Initialize Global Weights Workflow for Client-Side Global Model Initialization

The SAG controller requires the global model weights to be initialized before the training is started. Currently it is the job of the Persistor component to provide the initial weights, which either loads it from some predefined model file, or dynamically generates it by running a piece of custom Python code. The 1st approach requires the hassle of defining a model file; the second approach requires custom Python code, which could be a security risk.

We introduce the third approach to generate initial model weights based on initial weights from FL clients: creating a controller to collect weights from clients, and putting this controller in front of the SAG! This controller is nvflare.app_common.workflows.initialize_global_weights.InitializeGlobalWeights.

How to Use InitializeGlobalWeights

The following steps are based on the hello-pt example in the NVFLARE repo.

Step 1: Modify config_fed_server.json

Two changes are needed:

  • Remove the model arg from the PTFileModelPersistor component configuration.

  • Add the InitializeGlobalWeights controller as the first controller in the workflow.
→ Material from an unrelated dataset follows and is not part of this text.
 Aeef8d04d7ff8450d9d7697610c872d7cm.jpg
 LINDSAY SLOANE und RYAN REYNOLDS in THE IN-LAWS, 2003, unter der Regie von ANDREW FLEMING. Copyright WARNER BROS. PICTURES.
The updated file should look like the following:

{
    "format_version": 2,
    "server": {
        "heart_beat_timeout": 600
    },
    "task_data_filters": [],
    "task_result_filters": [],
    "components": [
        {
            "id": "persistor",
            "name": "PTFileModelPersistor"
        },
        {
            "id": "shareable_generator",
            "path": "nvflare.app_common.shareablegenerators.full_model_shareable_generator.FullModelShareableGenerator",
            "args": {}
        },
        {
            "id": "aggregator",
            "path": "nvflare.app_common.aggregators.intime_accumulate_model_aggregator.InTimeAccumulateWeightedAggregator",
            "args": {
                "expected_data_kind": "WEIGHTS"
            }
        },
        {
            "id": "model_locator",
            "path": "pt_model_locator.PTModelLocator",
            "args": {}
        },
        {
            "id": "json_generator",
            "path": "validation_json_generator.ValidationJsonGenerator",
            "args": {}
        }
    ],
    "workflows": [
        {
            "id": "pre_train",
            "name": "InitializeGlobalWeights",
            "args": {
                "task_name": "get_weights"
            }
        },
        {
            "id": "scatter_and_gather",
            "name": "ScatterAndGather",
            "args": {
                "min_clients": 2,
                "num_rounds": 2,
                "start_round": 0,
                "wait_time_after_min_received": 10,
                "aggregator_id": "aggregator",
                "persistor_id": "persistor",
                "shareable_generator_id": "shareable_generator",
                "train_task_name": "train",
                "train_timeout": 0
            }
        },
        {
            "id": "cross_site_validate",
            "name": "CrossSiteModelEval",
            "args": {
                "model_locator_id": "model_locator"
            }
        }
    ]
}

Note that PTFileModelPersistor no longer requires the custom SimpleNetwork as the model object.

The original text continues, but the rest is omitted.